En el año de la fe “estamos llamados a asumir una actitud de permanente conversión pastoral, que implica escuchar con atención y discernir lo que el Espíritu está diciendo a las iglesias a través de los signos de los tiempos en los que Dios se manifiesta” (DA 366).

En el año de la fe miremos nuestra realidad con los ojos del buen samaritano (Cf Lc 10, 29-37) y ayudémonos mutuamente a profesar “la fe que actúa por el amor (Gal 5,6) y se convierte en un nuevo criterio de pensamiento y acción que cambia toda nuestra vida”  (Benedicto XVI).


3.      “Levantado en alto, atraeré a todos hacia mí” (Jn 12, 32).

Jesús en la cruz, la pascua del Señor, su muerte y resurrección son centrales en el lienzo del Señor de los Milagros.  La Carta a los Hebreos nos exhorta a mantener “nuestros ojos fijos en Jesús, el que inicia y completa la fe” (Hb 12, 1).  Jesús inicia el camino de la fe en comunión plena con el Padre y el Espíritu Santo; de condición divina se despoja de su rango; obedece a la condición humana hasta la muerte en la cruz; por eso Dios lo exalta y le da el nombre que está sobre todo nombre (Cf Fil 2, 5-11).

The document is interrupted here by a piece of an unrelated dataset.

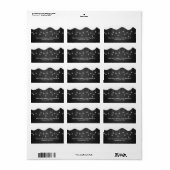 Winter bruiloft adres sneeuwvlok decoratie zwart etiket (Full Sheet)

Jesús, por su muerte y resurrección, es acontecimiento vivo y permanente de salvación.  Cristo, por su pascua, completa nuestra fe.  “Si alguno tiene sed, que venga a mí y beberá el que cree en mí” (Jn 7, 37).  Para los que creen, Jesús en la cruz es manantial vivo del Espíritu Santo; de su corazón abierto mana el agua que “nos convierte en fuente de agua que brota para la vida eterna” (Cf Jn 4, 1-14).  Aquí hay que renacer (Cf Jn 3, 1-8). ¡Déjate atraer por el levantado en alto!

Expresa tu fe como puedes; como la mujer con hemorragias que intenta tocar la orla del manto de Jesús; como Zaqueo que se sube al árbol para ver a Jesús; como el paralítico que reconoce: “No tengo a nadie”; como el ciego que suplica: “Haz que yo vea”;  como el publicano al fondo del templo que dice: “Ten compasión de mi que soy un pecador”; como el centurión pagano que nos hace orar: “Señor, no soy digno de que entres en mi casa, pero una palabra tuya bastará para sanarme”; como el leproso que ruega con  delicadeza: “Si quieres, puedes limpiarme”;  como el padre de familia desesperado que grita: “Señor, yo creo, pero aumenta mi fe…”


La devoción al Señor de los Milagros, al iniciarse el año de la fe, puede ser la gran oportunidad para “crecer en la fe creyendo”.